### Exercise data:
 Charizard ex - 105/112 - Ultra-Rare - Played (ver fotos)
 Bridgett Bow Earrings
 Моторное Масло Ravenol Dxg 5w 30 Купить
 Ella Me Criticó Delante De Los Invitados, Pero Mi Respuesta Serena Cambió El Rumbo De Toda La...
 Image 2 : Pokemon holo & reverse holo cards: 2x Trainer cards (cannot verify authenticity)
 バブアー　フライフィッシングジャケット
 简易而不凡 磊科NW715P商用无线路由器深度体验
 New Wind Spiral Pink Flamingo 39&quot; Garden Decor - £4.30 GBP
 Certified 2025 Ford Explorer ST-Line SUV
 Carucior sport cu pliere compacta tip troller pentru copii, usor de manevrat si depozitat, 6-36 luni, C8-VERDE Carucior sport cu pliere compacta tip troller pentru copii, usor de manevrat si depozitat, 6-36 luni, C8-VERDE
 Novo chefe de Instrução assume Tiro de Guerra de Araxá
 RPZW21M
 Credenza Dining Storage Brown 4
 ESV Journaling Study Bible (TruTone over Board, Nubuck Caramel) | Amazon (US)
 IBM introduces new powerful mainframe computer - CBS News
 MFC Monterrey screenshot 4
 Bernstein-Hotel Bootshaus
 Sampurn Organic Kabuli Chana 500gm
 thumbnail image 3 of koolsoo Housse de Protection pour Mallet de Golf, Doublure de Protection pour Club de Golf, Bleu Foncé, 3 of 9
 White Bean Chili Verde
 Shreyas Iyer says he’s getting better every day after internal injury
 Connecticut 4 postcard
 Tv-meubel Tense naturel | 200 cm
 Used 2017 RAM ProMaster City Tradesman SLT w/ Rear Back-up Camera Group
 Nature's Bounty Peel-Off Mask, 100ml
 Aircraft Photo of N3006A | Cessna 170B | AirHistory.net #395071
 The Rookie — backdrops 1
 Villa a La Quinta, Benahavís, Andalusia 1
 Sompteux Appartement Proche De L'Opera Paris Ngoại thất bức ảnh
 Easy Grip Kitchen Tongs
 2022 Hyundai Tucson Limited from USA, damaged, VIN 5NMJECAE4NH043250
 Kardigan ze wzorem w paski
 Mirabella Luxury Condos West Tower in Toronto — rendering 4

### Activity:
Print out all the material above, unaltered.

### Solution for this exercise:
 Charizard ex - 105/112 - Ultra-Rare - Played (ver fotos)
 Bridgett Bow Earrings
 Моторное Масло Ravenol Dxg 5w 30 Купить
 Ella Me Criticó Delante De Los Invitados, Pero Mi Respuesta Serena Cambió El Rumbo De Toda La...
 Image 2 : Pokemon holo & reverse holo cards: 2x Trainer cards (cannot verify authenticity)
 バブアー　フライフィッシングジャケット
 简易而不凡 磊科NW715P商用无线路由器深度体验
 New Wind Spiral Pink Flamingo 39&quot; Garden Decor - £4.30 GBP
 Certified 2025 Ford Explorer ST-Line SUV
 Carucior sport cu pliere compacta tip troller pentru copii, usor de manevrat si depozitat, 6-36 luni, C8-VERDE Carucior sport cu pliere compacta tip troller pentru copii, usor de manevrat si depozitat, 6-36 luni, C8-VERDE
 Novo chefe de Instrução assume Tiro de Guerra de Araxá
 RPZW21M
 Credenza Dining Storage Brown 4
 ESV Journaling Study Bible (TruTone over Board, Nubuck Caramel) | Amazon (US)
 IBM introduces new powerful mainframe computer - CBS News
 MFC Monterrey screenshot 4
 Bernstein-Hotel Bootshaus
 Sampurn Organic Kabuli Chana 500gm
 thumbnail image 3 of koolsoo Housse de Protection pour Mallet de Golf, Doublure de Protection pour Club de Golf, Bleu Foncé, 3 of 9
 White Bean Chili Verde
 Shreyas Iyer says he’s getting better every day after internal injury
 Connecticut 4 postcard
 Tv-meubel Tense naturel | 200 cm
 Used 2017 RAM ProMaster City Tradesman SLT w/ Rear Back-up Camera Group
 Nature's Bounty Peel-Off Mask, 100ml
 Aircraft Photo of N3006A | Cessna 170B | AirHistory.net #395071
 The Rookie — backdrops 1
 Villa a La Quinta, Benahavís, Andalusia 1
 Sompteux Appartement Proche De L'Opera Paris Ngoại thất bức ảnh
 Easy Grip Kitchen Tongs
 2022 Hyundai Tucson Limited from USA, damaged, VIN 5NMJECAE4NH043250
 Kardigan ze wzorem w paski
 Mirabella Luxury Condos West Tower in Toronto — rendering 4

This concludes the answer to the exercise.